Durarono tre mesi. Si aprirono con il rugby, si chiusero con il polo. Furono quelle di Paavo Nurmi, cinque ori nell’atletica, e Johnny Weissmuller, tre ori nel nuoto e un bronzo nella pallanuoto, quelle di Eric Liddell e dei suoi “Momenti di gloria”, e ancora quelle del barone Pierre de Coubertin e dei suoi ideali olimpici. Parigi, Olimpiadi del 1924. Il cinema era muto, l’arte decorativa, nei caffè letterari scriveva Ernest Hemingway, il Tour de France era appena stato conquistato – per la prima volta – da un italiano, Ottavio Bottecchia.
Il ciclismo fu il penultimo sport a giocarsi i suoi titoli. Tutto in due giorni: sabato 26 e domenica 27 luglio. Tutto in un solo stadio: quello di Vincennes, a Parigi nel quartiere di Bercy, il velodromo per tutti semplicemente “La Cipale”. In programma, fra gli altri, i quartetti dell’inseguimento in pista sui quattromila metri. Quindici nazioni iscritte, dieci partecipanti. L’Italia presentava Aurelio Menegazzi, 24 anni, veronese di Buttapietra, Angelo De Martini, 27, veronese di Villafranca, Alfredo Dinale detto Fortunato, 24, veneto di Marostica, e Francesco Zucchetti, 22, lombardo di Cernusco sul Naviglio. La gara alterata dai forfait: chi, per mancanza degli avversari, non si qualificava negli scontri diretti, doveva competere in base ai tempi. Così gli azzurri passarono ottavi e quarti di finale correndo contro nessuno se non il cronometro e si qualificarono per le semifinali. Vittoria contro il Belgio. La finale contro la Polonia regalò l’oro.

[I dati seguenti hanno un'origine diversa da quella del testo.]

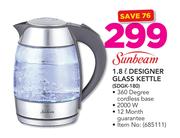 Sunbeam 1.8Ltr Designer Glass Kettle SDGK-180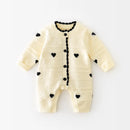 Autumn Baby Girls Clothes Full Of Heart Infant Knit Jumpsuits Toddler Rompers Infant Knitwear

Olimpiadi 1924 - Il quartetto d'oro dell'Italia
La passione per il ciclismo - che cosa c’era di più futurista? – contagiava la famiglia Zucchetti: Francesco, più sbrigativamente Franco, del 1902 e Alfonso del 1903. Pista e strada, strada e pista. Su pista velocità, inseguimento, mezzofondo, americana, seigiorni. Più talentuoso, Franco. La sua società era il Genova 1913, il suo anello il Sempione, il suo calendario contemplava classiche come la Coppa Caldirola. Nelle selezioni nazionali conquistò il posto nel quartetto. Dopo l’Olimpiade parigina, da professionista, gli si sarebbero spalancati i confini: una vittoria a Varsavia, una a Colonia, una a Marsiglia, alcune negli Stati Uniti. Poi il silenzio. Finché un concittadino, Tiziano Protti, scoprì nel cimitero di Trichiana, nel Bellunese, la tomba di Zucchetti, morto lì nel 1980. Per evitare l’ossario comune e restituire un campione al proprio paese, Protti si prodigò per riportare le spoglie a Cernusco sul Naviglio. E grazie anche all’amministrazione locale e al Genova 1913, ci riuscì. Era il 2016.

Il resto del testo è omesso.